Tarsus’ta yaşayan Çağ Üniversitesi Fen Edebiyat Fakültesi Psikoloji Bölümü 1.inci sınıf öğrencisi 20 yaşındaki Özgecan Aslan’ın toplu taşıma aracında katledilmesine duyulan toplumsal öfke büyüyor. Adana Barosu avukatları, adliye önünde düzenledikleri eylemde kadın cinayetlerine tepki gösterdi.

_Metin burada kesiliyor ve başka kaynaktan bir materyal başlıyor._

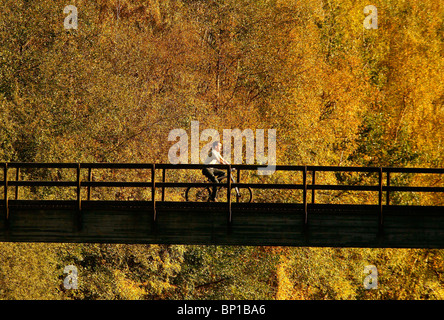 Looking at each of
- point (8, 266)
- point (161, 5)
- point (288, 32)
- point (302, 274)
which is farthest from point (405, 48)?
point (8, 266)

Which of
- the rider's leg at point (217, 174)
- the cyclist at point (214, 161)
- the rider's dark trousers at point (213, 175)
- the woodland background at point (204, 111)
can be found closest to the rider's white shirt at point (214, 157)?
the cyclist at point (214, 161)

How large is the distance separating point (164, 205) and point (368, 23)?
107 feet

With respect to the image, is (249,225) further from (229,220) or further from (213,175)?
(213,175)

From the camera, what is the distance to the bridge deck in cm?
1703

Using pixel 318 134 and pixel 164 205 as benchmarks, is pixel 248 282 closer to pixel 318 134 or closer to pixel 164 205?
pixel 318 134

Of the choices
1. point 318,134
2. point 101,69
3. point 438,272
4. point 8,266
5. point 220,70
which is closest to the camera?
point 8,266

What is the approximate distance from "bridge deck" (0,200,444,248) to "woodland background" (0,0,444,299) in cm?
1428

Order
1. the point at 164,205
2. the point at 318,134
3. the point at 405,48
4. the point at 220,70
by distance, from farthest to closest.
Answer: the point at 405,48 < the point at 220,70 < the point at 318,134 < the point at 164,205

Yakalarına Özgecan’nın fotoğraflarını takan avukatlar, “Kadına kalkan eller kırılsın” diye slogan attı. Adana Barosu Başkanı Mengücek Gazi Çıtırık, kadınlara yönelik şiddetin boyutunu dile getirdikten sonra istatistiki veriler sundu. Çıtırık, "Kadına yönelik fiziksel ve psikolojik şiddetin, tecavüzün, kadının emeğinin ve bedeninin sömürülmesinin temelinde; onu ötekileştiren, yok sayan, ayrımcılığı ön plana çıkartan, bir meta veya obje olarak gören ataerkil erkek egemen toplum anlayışının yansımaları yatmaktadır." dedi.

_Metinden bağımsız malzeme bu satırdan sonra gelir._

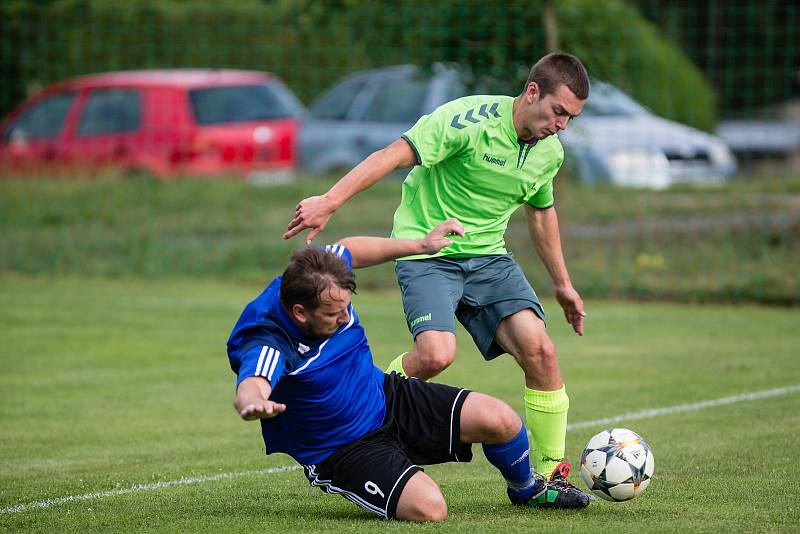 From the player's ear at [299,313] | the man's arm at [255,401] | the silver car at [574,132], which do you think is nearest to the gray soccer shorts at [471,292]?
the player's ear at [299,313]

Adana Barosu Kadın Hakları Komisyonu Başkanı Avukat Ebru Çatıkkaş, üniversite öğrencisi Özgecan'ın hunharca katledilmesinden dolayı duydukları üzüntüyü dile getirdi. Cinsel saldırı suçlarında caydırıcılık yönünün ağır basması için cezaların daha da arttırılması, tahrik indiriminin kaldırılması, bu suçu işleyenlerin özel infaz rejimine tabi tutulması gerektiği savunan Çatıkkaş, kadın cinayetlerinin politik olduğunu söyledi.

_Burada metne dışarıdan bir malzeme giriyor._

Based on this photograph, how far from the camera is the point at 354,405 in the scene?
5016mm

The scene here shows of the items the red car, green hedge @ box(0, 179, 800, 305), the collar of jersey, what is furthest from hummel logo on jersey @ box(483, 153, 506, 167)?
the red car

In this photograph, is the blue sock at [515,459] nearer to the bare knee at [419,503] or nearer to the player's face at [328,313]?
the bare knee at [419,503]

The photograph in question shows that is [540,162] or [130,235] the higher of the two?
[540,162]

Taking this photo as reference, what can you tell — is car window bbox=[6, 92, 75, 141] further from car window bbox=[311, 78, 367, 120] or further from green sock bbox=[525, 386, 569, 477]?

Çatıkkaş, geçtiğimiz 7 yılda kadına yönelik şiddetin yüzde bin 400 arttığını vurguladı. Özgecan Aslan’ın bir üniversite öğrencisi ve okulunun ilk yılında olduğunu hatırlatan Çatıkkaş, "O otobüse okuldan çıkıp evine gitmek için binmişti. Her gün 5 kadının katledildiği ülkemizde 2014 yılının 11 ayında 270 kadın öldürülmüştür. 2015 Ocak ayında 27 kadın öldürülmüş, 7 kadına tecavüz edilmiştir.” diye konuştu.

Siyasi iktidar tarafından yürütülen sosyal ve ekonomik politikalarla, kadını güçlendirmek yerine, onu eşine ve ailesine daha da bağımlı kılan, kadınlığı çocuk doğurmaya ve ev işlerine indirgediğini belirten Çatıkkaş, şöyle devam etti: “Bunun dışında toplumla bağlarını kesen politikalar sonucunda kadına yönelik şiddet ve ayrımcılık devam edecektir. Bütün bu cinayetlerde 'Kadın erkek eşitliğine inanmıyorum' diyerek kadınların, erkeklerin mülkü olduğu zihniyetini yıllardır topluma empoze etmeye çalışanların büyük rolü bulunmaktadır. Bilinmelidir ki tecavüz ve şiddet politiktir ve hükümet politikalarından beslenir. Kadını itaatkar, sessiz ve eşit görmeyen düşünce tam da böylesi bir nedenle tecavüzü ve şiddeti azmettirendir. Yaşanan bu yüz karası olayı toplumu karmaşaya sürükleyen basit bir mesele olarak değerlendirmek mümkün değildir. Kadın ve çocuğu erkeğin mülkiyet ve tasarrufunda kabul eden düşünce sorgulanmadığı ve değişmediği sürece kadına yönelik erkek şiddeti son bulmayacaktır."